Oui, je prévois de publier ce projet sous forme de livre au printemps 2025 avec un éditeur à Bruxelles, les éditions La Cab, accompagné d’expositions et de présentations à travers l’Europe. Nous allons bientôt lancer le financement participatif pour obtenir les fonds nécessaires à l’impression. Le livre sera un objet personnel, mais je suis enthousiaste à l’idée de partager son histoire avec plus de gens.
Peux-tu nous faire part de tes réflexions sur la mémoire en tant qu’élément à la fois personnel et collectif ?

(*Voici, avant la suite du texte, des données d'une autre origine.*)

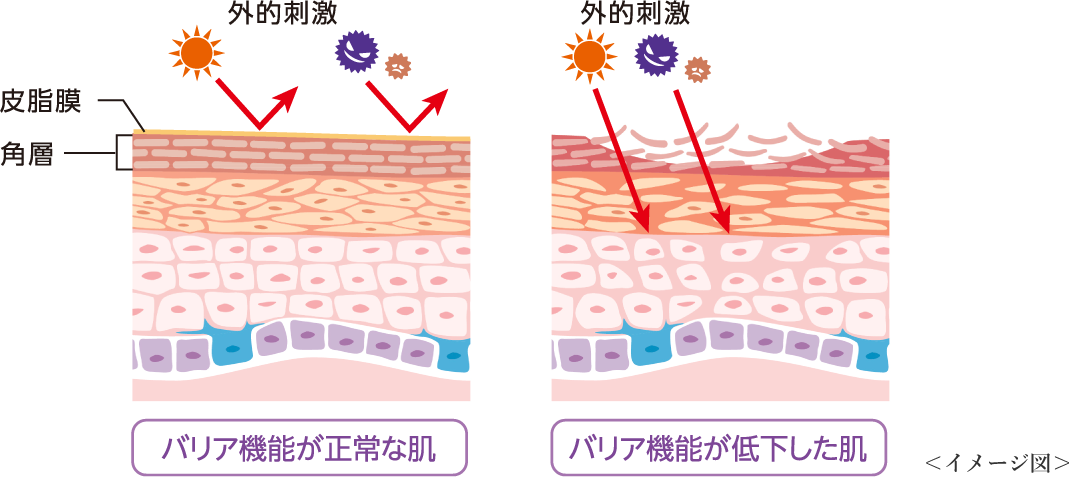 肌イメージ図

La mémoire, bien que profondément personnelle, est souvent liée à l’expérience collective. En milieu rural, les histoires partagées et les traditions locales entrelacent les souvenirs individuels avec ceux d’une communauté plus large, créant ainsi un mélange de personnel et de collectif. Ce projet capture cette intersection : alors que les images se concentrent sur ma relation avec ma grand-mère, elles reflètent également l’histoire partagée d’une communauté, le mode de vie d’un village et les rituels communs qui façonnent l’identité. Le spectateur est invité à s’engager dans cette mémoire partagée, peut-être en reconnaissant dans ces images des fragments de leurs propres récits familiaux ou de l’héritage de leur communauté.
Comment The art of living twice résonne-t-il avec les idées d’héritage et de lien intergénérationnel ?

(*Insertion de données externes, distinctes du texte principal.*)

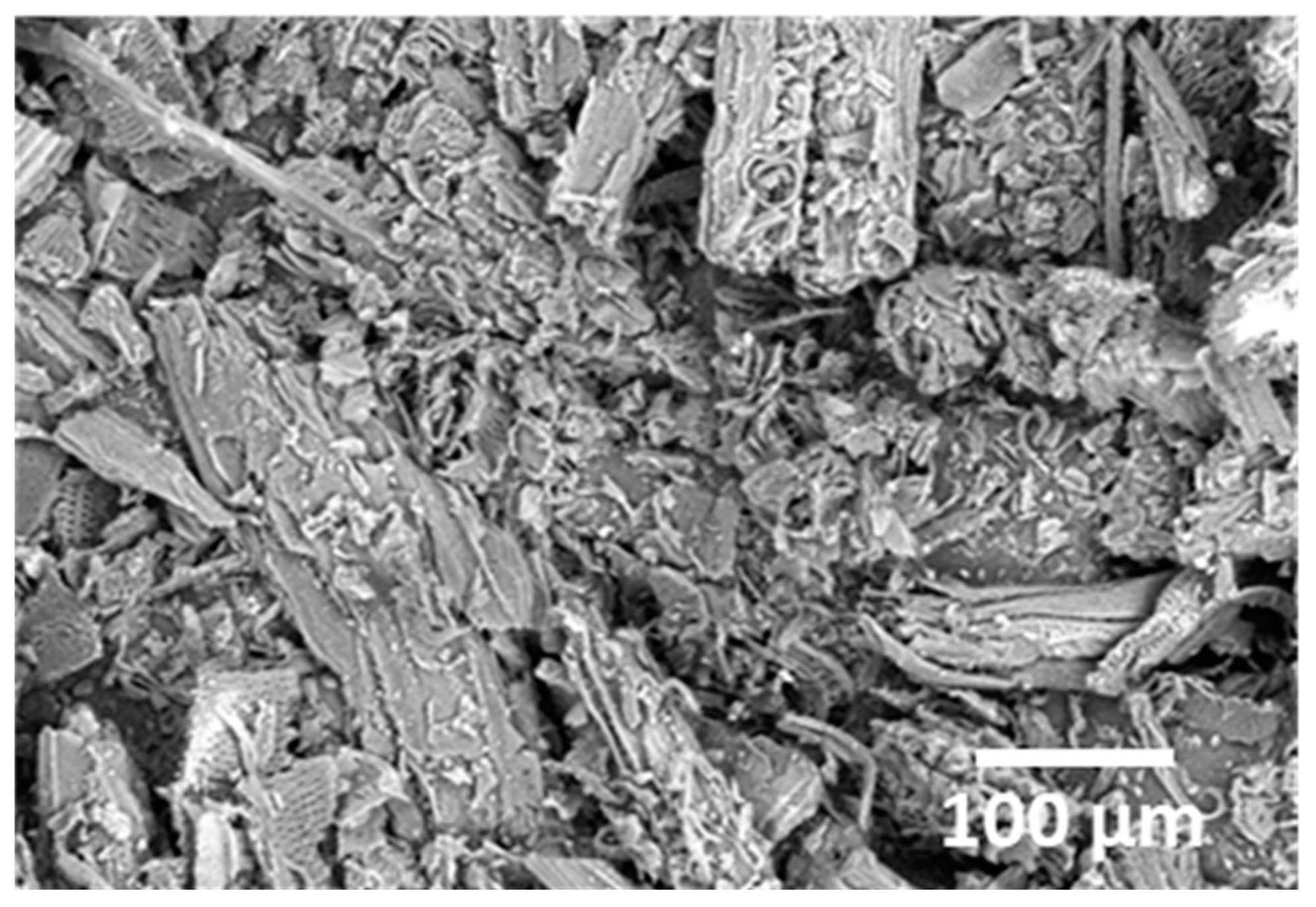 Sustainability 16 04291 g007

The art of living twice suggère que les personnes décédées continuent à vivre à travers les histoires, les souvenirs et les actions de ceux qu’elles ont laissés derrière elles. Elle s’aligne donc sur l’idée des “trois morts”. Le concept des “trois morts” suggère qu’une personne meurt trois fois : premièrement, lorsque son corps meurt, deuxièmement, lorsqu’elle est oubliée par la dernière personne qui se souvient d’elle, et troisièmement, lorsque toutes ses créations et ses archives disparaissent. Cette idée souligne que la mémoire et l’héritage prolongent notre existence au-delà de la mort physique. Popularisée en partie par le neuroscientifique David Eagleman, elle entre en résonance avec des traditions culturelles telles que le Día de los Muertos, où le souvenir maintient les morts “en vie” dans la mémoire sociale.

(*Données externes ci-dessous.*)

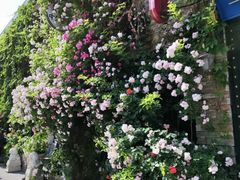 -元大都城垣遗址公园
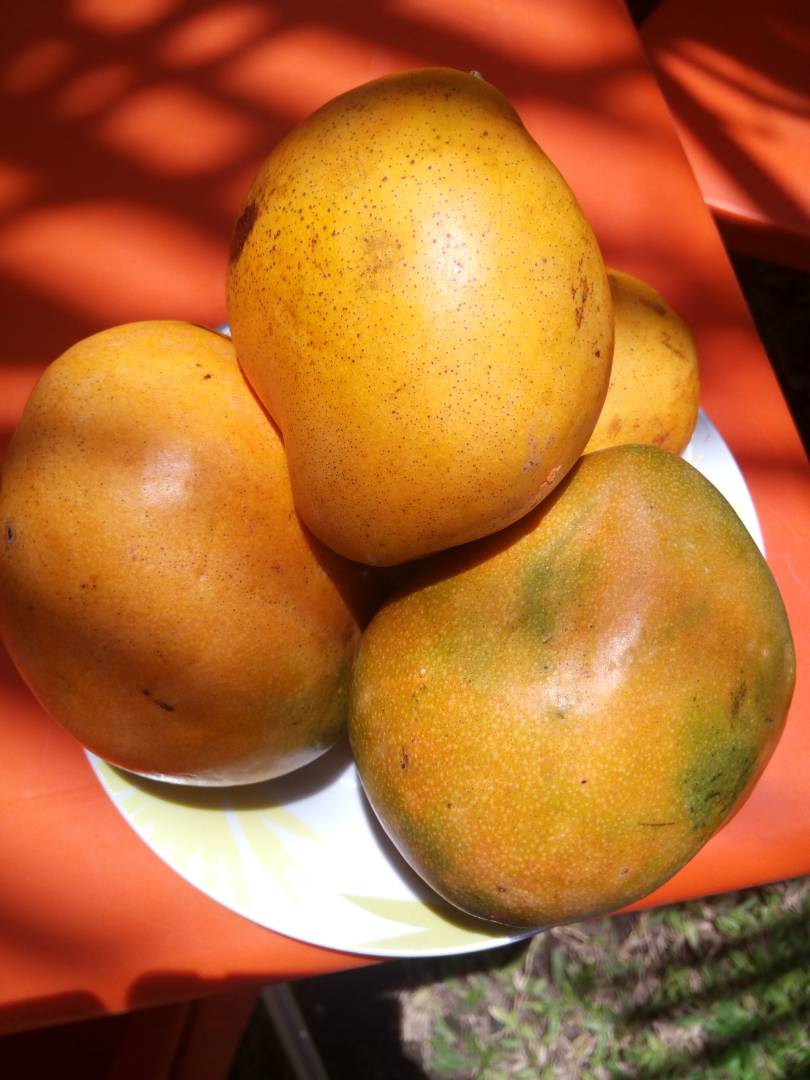 MANGUE.jpg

D’une certaine manière, ce projet se concentre sur le moment qui suit le premier décès, lorsque le corps a disparu mais que la personne continue d’exister dans la mémoire et à travers ce qu’elle a laissé derrière elle. Au lieu de parler de trois morts, on peut imaginer qu’il s’agit aussi de trois vies, et donc que ma grand-mère est en train de vivre sa deuxième vie.